Counter braids: a novel counter architecture for per-flow measurement

Fine-grained network measurement requires routers and switches to update large arrays of counters at very high link speed (e.g. 40 Gbps). A naive algorithm needs an infeasible amount of SRAM to store both the counters and a flow-to-counter association rule, so that arriving packets can update corresponding counters at link speed. This has made accurate per-flow measurement complex and expensive, and motivated approximate methods that detect and measure only the large flows. This paper revisits the problem of accurate per-flow measurement. We present a counter architecture, called Counter Braids, inspired by sparse random graph codes.
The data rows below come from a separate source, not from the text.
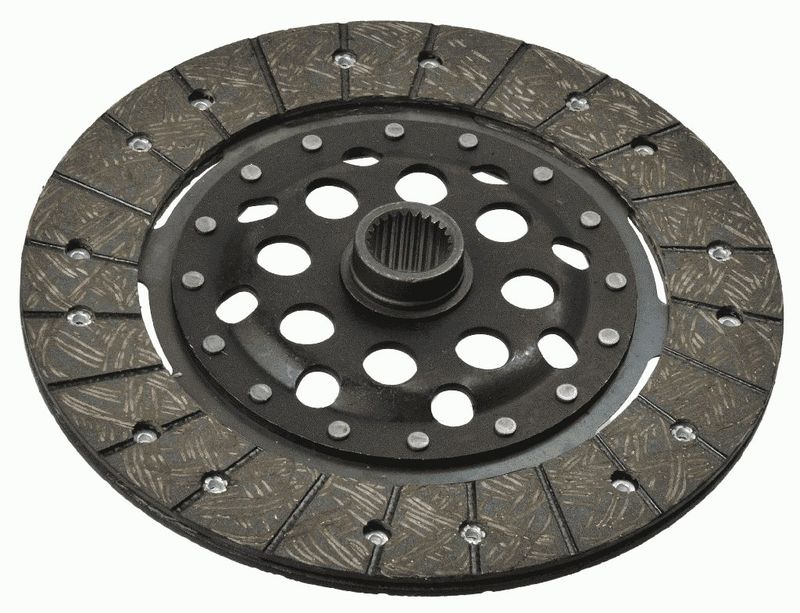 SACHS 1864 634 058 Clutch Disc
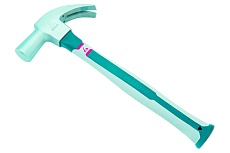 Молоток Bellota плотник, рукоятка из углеволокна, извлечение гвоздей от 0-1 мм 8002-24 CF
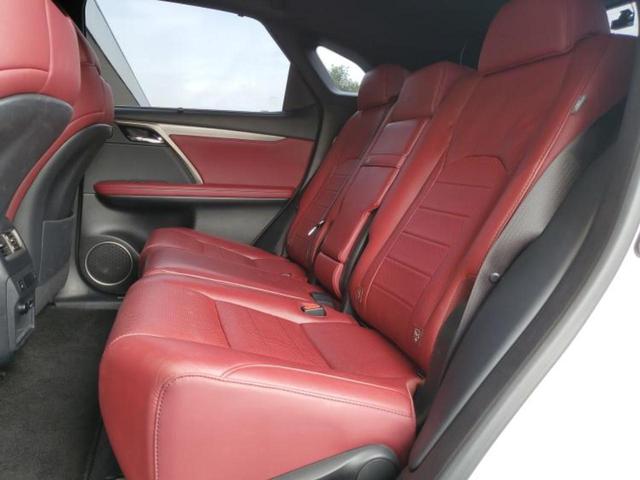 ＲＸ ＲＸ２００ｔ　Ｆスポーツ　純正　ＳＤナビ／プリクラッシュセーフティ／シートヒーター　前席／パノラミックビューモニター／シート　合皮／電動バックドア／ドライブレコーダー　社外／ヘッドランプ　ＬＥＤ／Ｂｌｕｅｔｏｏｔｈ接続　ＥＴＣ（7枚目）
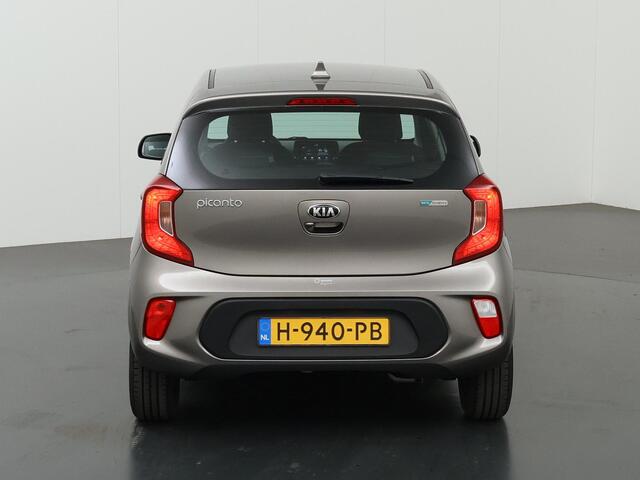 KIA PICANTO 1.0 MPi ComfortPlusLine | Apple Carplay/Android Carplay | Parkeercamera | Airco | Bluetooth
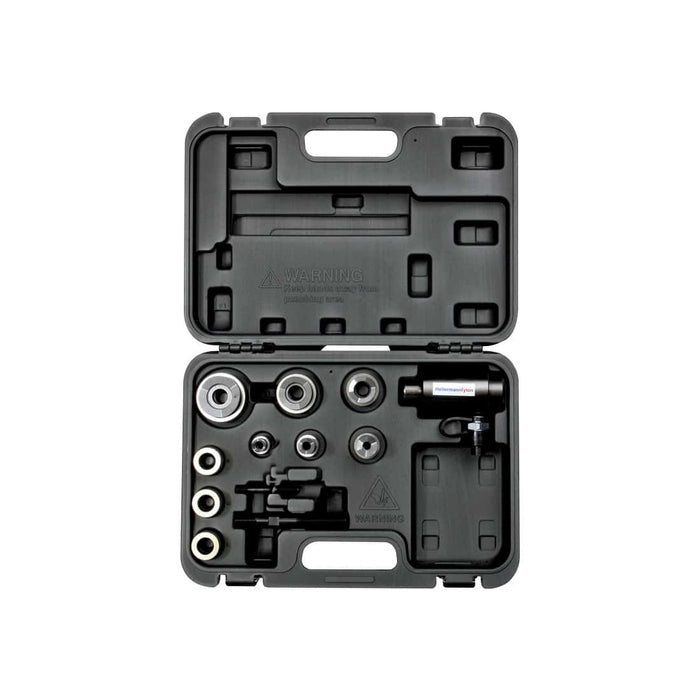HellermannTyton : Hydraulic Punch Driver Set 3.2mm Mild 1.6mm Stainless - (HYPN052M)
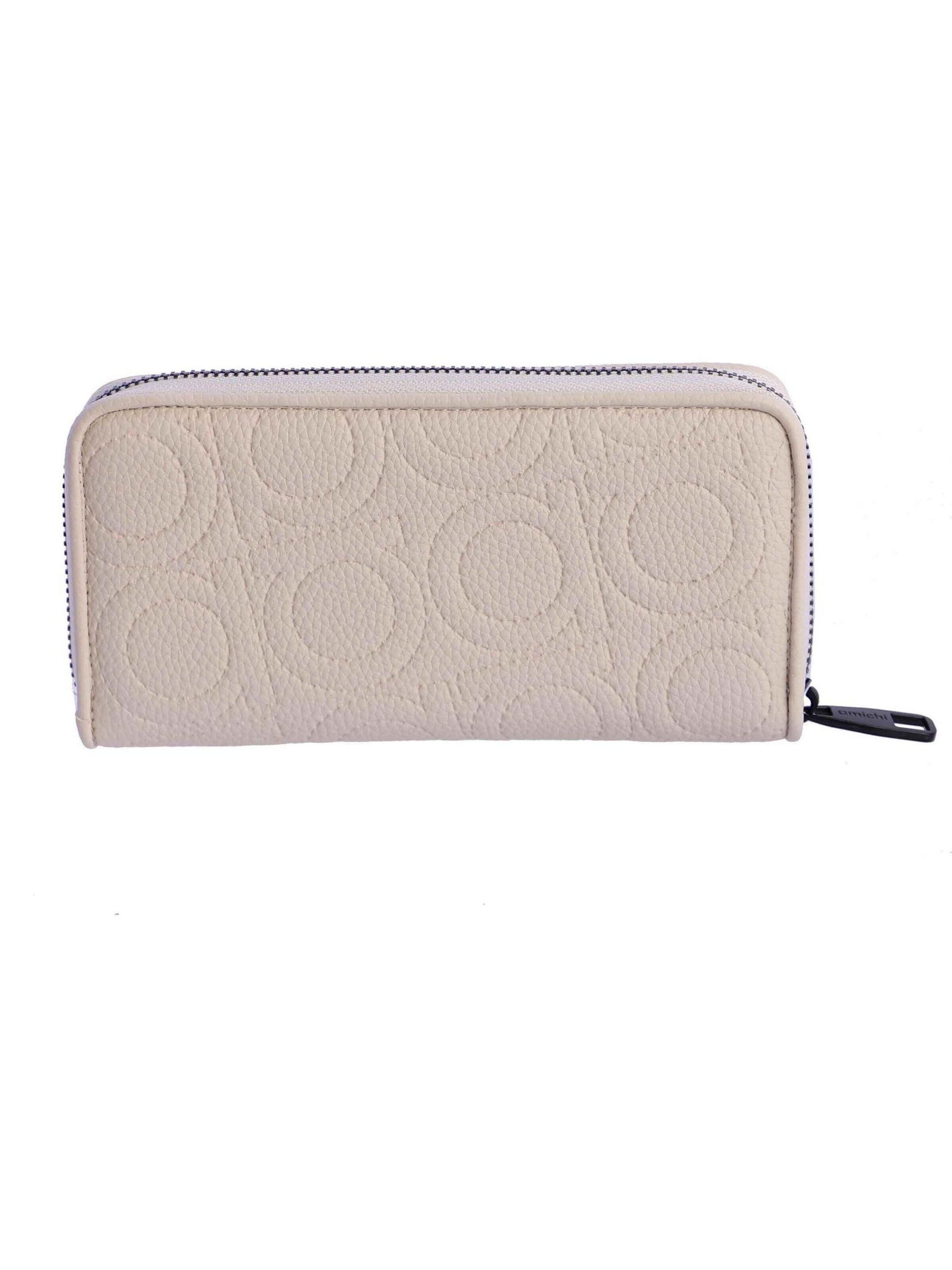 Amichi - Cartera en blanco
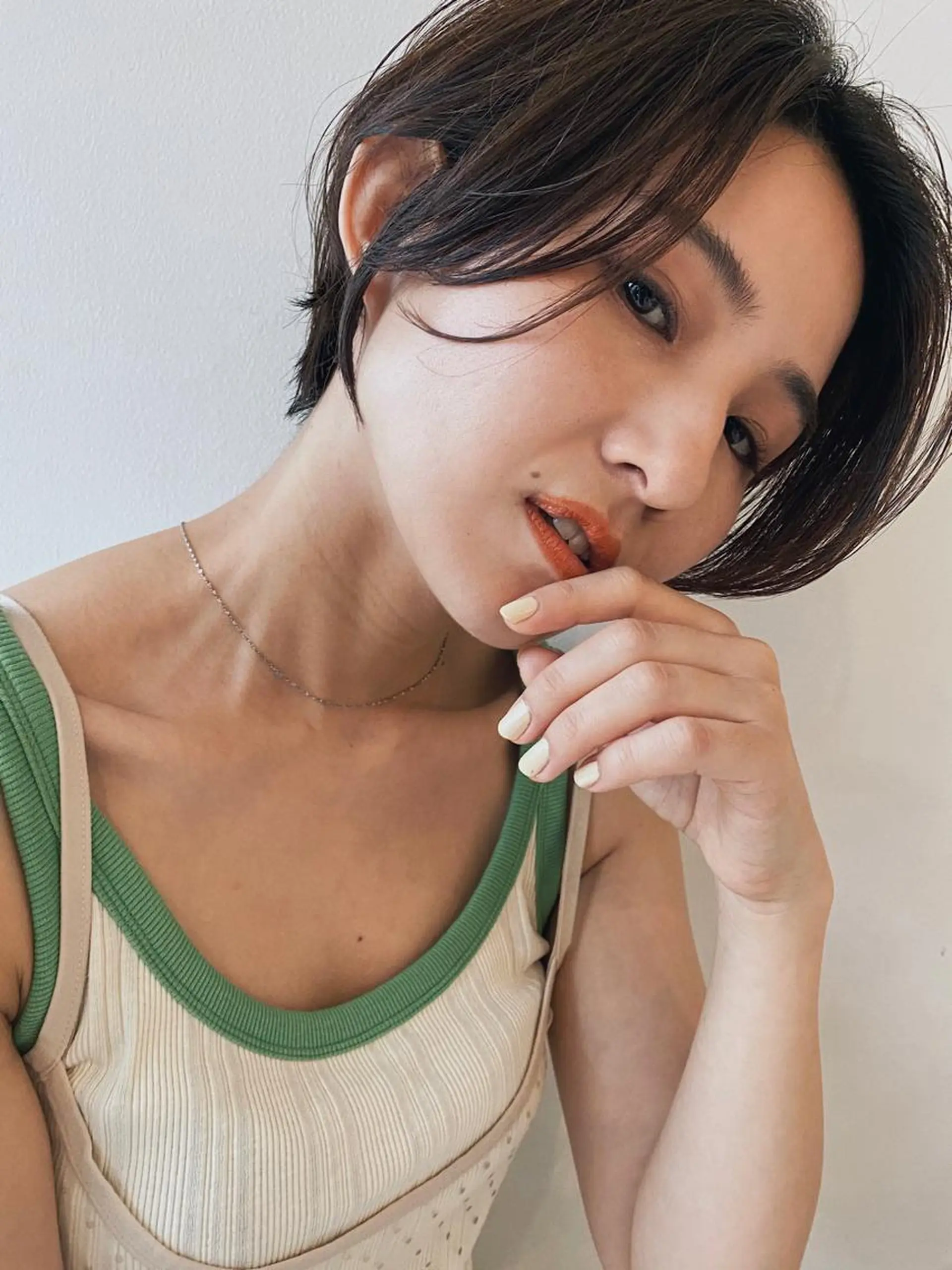 ショート カラー 池田 顕彦のその他イメージ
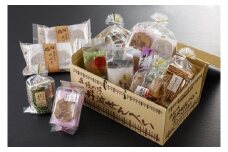丹波せんべい夢菓子（むかし）ながら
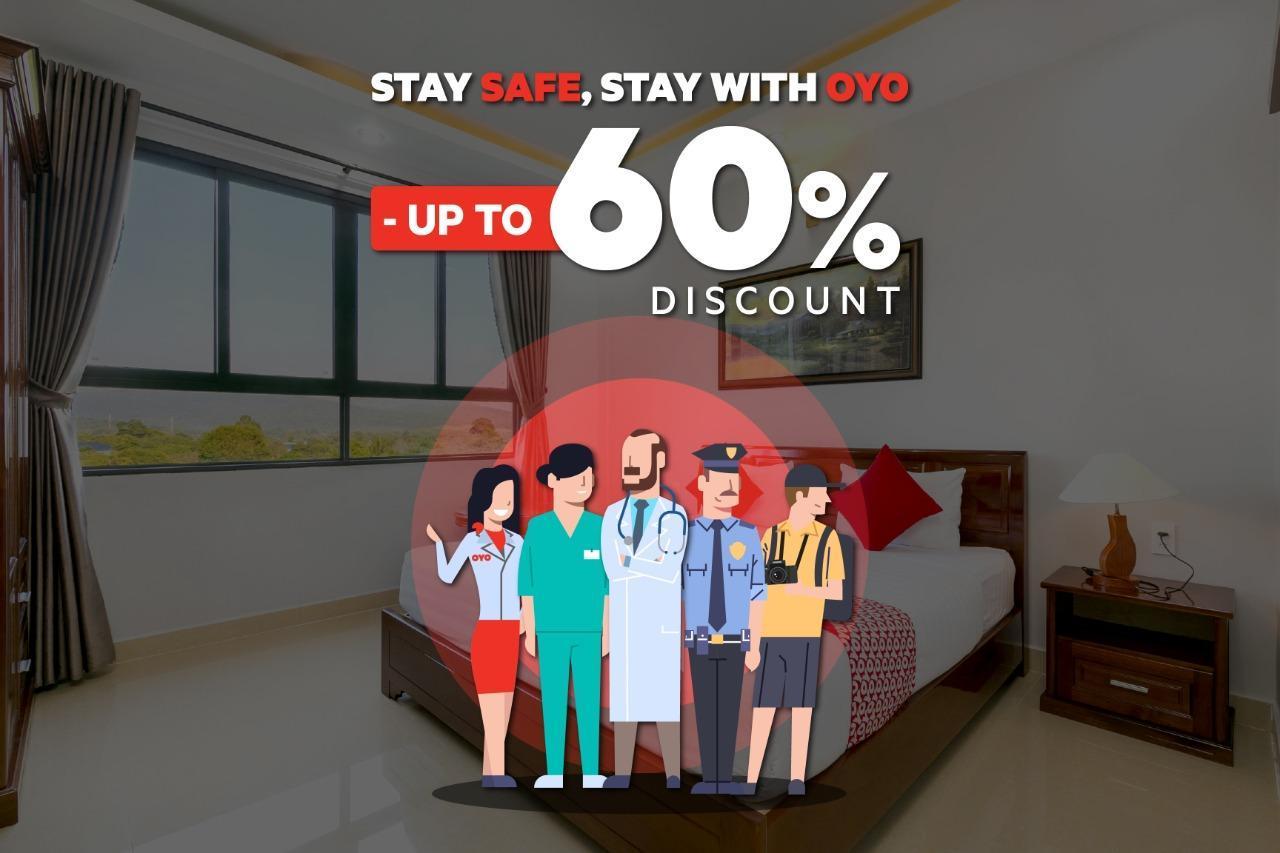 We Stay Residence Redpartner Surabaya Ngoại thất bức ảnh
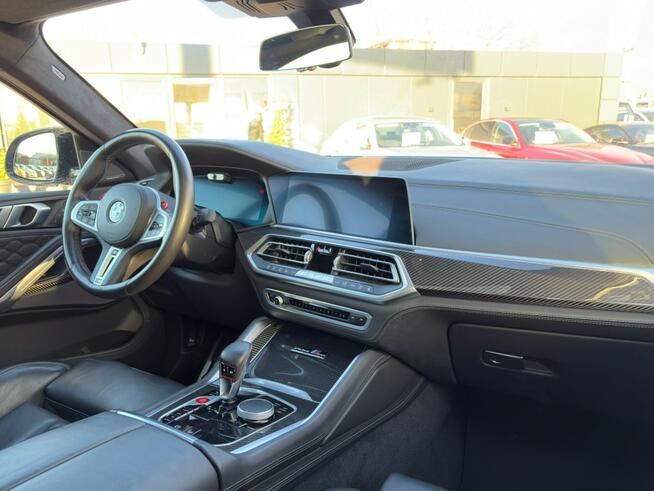 BMW X6 M Salon Polska / Bezwypadkowy / Pierwszy Właściciel / FVAT23%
In a nutshell, Counter Braids "compresses while counting". It solves the central problems (counter space and flow-to-counter association) of per-flow measurement by "braiding" a hierarchy of counters with random graphs. Braiding results in drastic space reduction by sharing counters among flows; and using random graphs generated on-the-fly with hash functions avoids the storage of flow-to-counter association. The Counter Braids architecture is optimal (albeit with a complex decoder) as it achieves the maximum compression rate asymptotically. For implementation, we present a low-complexity message passing decoding algorithm, which can recover flow sizes with essentially zero error. Evaluation on Internet traces demonstrates that almost all flow sizes are recovered exactly with only a few bits of counter space per flow.